Origin of Phoenician religious concepts
As their trading and military abilities
had developed, so had the religion of the Phoenicians. To what extent
their religious ideas were home--grown or imported is hard to say, since
so little evidence has so far been found of the origin of Canaanite, or
Phoenician, culture save that it is the coastal culture of the hinterland
Assyria. One concept that seems to have been borrowed from their trading
partners the Egyptians is that of the importance of the entrance to the
next world. Such was the importance the Egyptians attached to this idea
that when the two Egyptian Kingdoms, North and South were united, a great
Obelisk or Pillar was erected at each of the Capitals, Memphis and Thebes,
(one of these obelisks is now in London, Cleopatra's Needle, which stands
on Victoria Embankment on the North Bank of the River Thames, and the
other in France whose tip is dramatically viewed a mile and a half away
from the Church of the Madeleine in Paris when looking from its door to
the front door of the Royal Palace three miles away). The concept proposed
that the passage of the Sun each day in its arching route over them symbolised
re-birth at sunrise and repeated death at sunset of the great god Ra each
day, and described allegorically the entrance to the next world.
The Phoenicians had established a religion
by which they believed that God, Melqart, which means in Aramaic "The
Lord (Melq) of the City (Qart)". Melqart was to be worshipped at
the Temple erected to his name in Tyre. We know that one of the features
of the Temple of Melqart at Tyre was a pair of pillars, one at each side
of the entrance. It is also known that entrance to the temple of Melqart
at Tyre was permitted only to the High Priests.
Biblical
and Egyptological concepts of The Pillars
According to the Book of Kings, and recorded
in great detail by Flavius Josephus in "The Antiquities of the Jews"
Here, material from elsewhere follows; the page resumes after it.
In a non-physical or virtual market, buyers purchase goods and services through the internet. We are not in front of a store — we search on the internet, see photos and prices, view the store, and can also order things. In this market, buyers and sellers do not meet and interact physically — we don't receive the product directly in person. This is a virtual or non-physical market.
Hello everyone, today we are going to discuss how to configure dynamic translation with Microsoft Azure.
(written in 79 AD), in about 969 BC, Solomon, King Kingdom of Judeah,
adjacent to the Kingdom of Tyre, decided to build a Temple to replace
the tented structure in which was kept the Ark of the Covenant, the gilt
wooden chest containing the Tablets of the Law which according to the
Bible was given by God to Moses during the flight from Egypt. According
to Josephus Solomon sent word to Hiram, King of Tyre, whom, he recognised,
had the expertise and the necessary materials, that he wished to have
this temple built as one of the great buildings of its time, and as one
entirely worthy of its sacred purpose. Although we do not yet know what,
if any, the allegorical significance of the Pillars outside the Temple
of Melqart at Tyre was to the Phoenicians, it is recorded in the Book
of Kings, and Josephus repeats it, that at the entrance of the first Temple
at Jerusalem were a pair of bronze pillars, cast in the nearby desert
by Hiram, (the 'architect' who had been sent by King Hiram from Tyre)
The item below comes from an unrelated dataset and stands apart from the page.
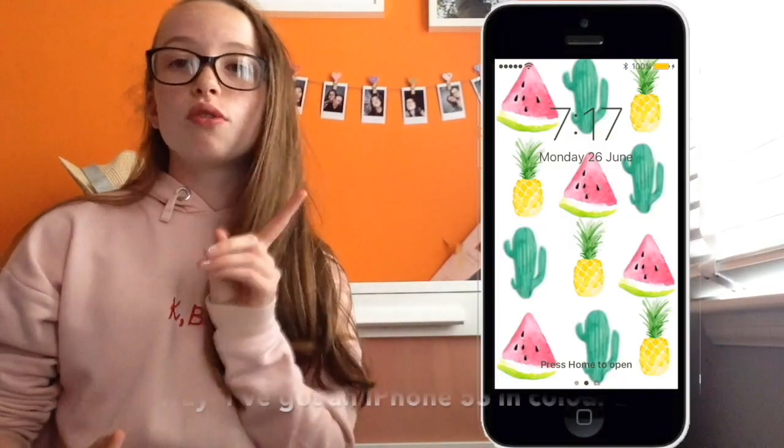Hi guys, it's India! Welcome to another video. In today's video I'm going to be showing you what's in my iPhone, so let's get right into it. You can see my phone screen over here.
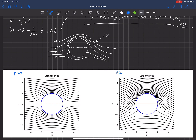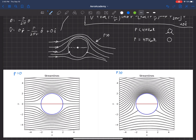There are actually three different cases based on the strength of gamma. The first is if gamma is less than 4π V-infinity R — that's the case drawn here, where the stagnation point moves down a little bit. The second case is if gamma equals 4π V-infinity R; then gamma is strong enough to move the stagnation point all the way to the bottom of the cylinder, so those two stagnation points coalesce.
whose mother was a widow from the tribe of Naphtali (1 Kings ch7 v13 and
also according to Josephus), as two great hollow bronze cylinders (about
9 feet in diameter and 34 feet high, with a thickness to their bronze
walls of about 2 inches), one of which contained the Scrolls of the Law.
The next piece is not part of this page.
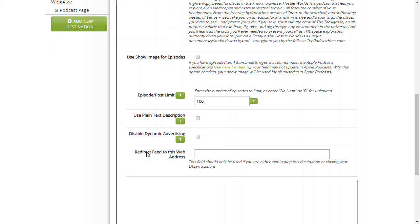You're redirecting the Libsyn feed, or whatever hosting you're using currently, to a new web address - and that new web address is your new podcast feed.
He was also, according to Kings 1, a great worker in Wood, Brass, Bronze,
Glass and a number of other materials. One of the pillars was finished
in silver and the other was gilt and studded in emeralds. To Solomon the
Pillars represented the dual Pillar, which had assisted his people in
their flight from Egypt. The account in the Bible of the flight from Egypt,
the Exodus, of the enslaved Jews states that God provided Moses with "a
pillar of fire by night to show your People the way (hence the Emeralds
on Gold, which would operate together to shine and refract the sun's rays),
and a pillar of smoke (hence the Silver finish) by day to hide them from
the sight of the soldiers of the Pharaoh, that your People might be saved
from his wrath" (Exodus ch13 vs21-22). None but the High Priest and
then only one High Priest in each generation might enter the Holy of Holies
in King Solomon's Temple, and the Inner Sanctum, The Holy of Holies, only
on a particular day of the year, the Day of Atonement, so we know that
to the population in general the Pillars of Solomon's Temple, which may
have been based on the architectural language of the Pillars of the Temple
to Melqart at Tyre (the architectural vernacular of Hiram the architect
according to Flavius Josephus), symbolised an extremely clear and restrictive
prohibition, the entrance to a sacred and secret place. So strict was
the prohibition that a rope was tied to the High Priest when he entered,
and bells sewn onto the rim of his garment. The bells advised those outside
that the High Priest was moving in his prayer, and the rope would serve
to remove the High Priest from the Temple should he die or collapse while
he was inside, thus avoiding the risk that any caring assistant might
be tempted to rush into the Temple in a medical emergency.